_REQUIRED WORK_
Please return the listing below from the line with "Veda Boucle Accent Chair - Milky" through its last line, exactly, and include nothing else.

BEGIN DATA EXTRACT

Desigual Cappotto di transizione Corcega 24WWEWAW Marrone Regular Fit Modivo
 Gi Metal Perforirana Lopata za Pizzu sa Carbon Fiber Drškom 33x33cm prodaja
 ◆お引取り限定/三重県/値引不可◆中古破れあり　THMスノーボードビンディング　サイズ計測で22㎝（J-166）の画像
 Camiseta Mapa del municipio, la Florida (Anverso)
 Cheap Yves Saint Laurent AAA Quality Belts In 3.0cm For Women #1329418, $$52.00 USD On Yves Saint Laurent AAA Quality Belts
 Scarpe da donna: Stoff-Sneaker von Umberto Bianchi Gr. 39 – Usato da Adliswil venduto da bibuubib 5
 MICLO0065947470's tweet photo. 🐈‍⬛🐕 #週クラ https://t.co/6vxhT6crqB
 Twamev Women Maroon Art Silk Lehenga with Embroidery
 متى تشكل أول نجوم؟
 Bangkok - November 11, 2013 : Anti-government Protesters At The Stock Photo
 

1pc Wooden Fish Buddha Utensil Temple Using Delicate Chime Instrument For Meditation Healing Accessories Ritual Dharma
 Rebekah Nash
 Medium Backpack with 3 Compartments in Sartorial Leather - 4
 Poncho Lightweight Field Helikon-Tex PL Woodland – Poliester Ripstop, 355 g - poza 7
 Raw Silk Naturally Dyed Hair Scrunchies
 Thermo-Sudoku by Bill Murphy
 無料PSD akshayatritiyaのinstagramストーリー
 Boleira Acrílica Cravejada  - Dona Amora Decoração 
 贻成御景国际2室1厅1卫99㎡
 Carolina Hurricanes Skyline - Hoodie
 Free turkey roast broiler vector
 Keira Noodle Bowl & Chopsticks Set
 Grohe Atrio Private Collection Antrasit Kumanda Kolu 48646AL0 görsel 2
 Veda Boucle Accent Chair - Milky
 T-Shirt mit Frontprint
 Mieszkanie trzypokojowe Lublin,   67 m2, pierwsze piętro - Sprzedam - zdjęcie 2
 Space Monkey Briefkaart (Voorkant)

END DATA EXTRACT

_ANSWER TO THIS PROBLEM_
 Veda Boucle Accent Chair - Milky
 T-Shirt mit Frontprint
 Mieszkanie trzypokojowe Lublin,   67 m2, pierwsze piętro - Sprzedam - zdjęcie 2
 Space Monkey Briefkaart (Voorkant)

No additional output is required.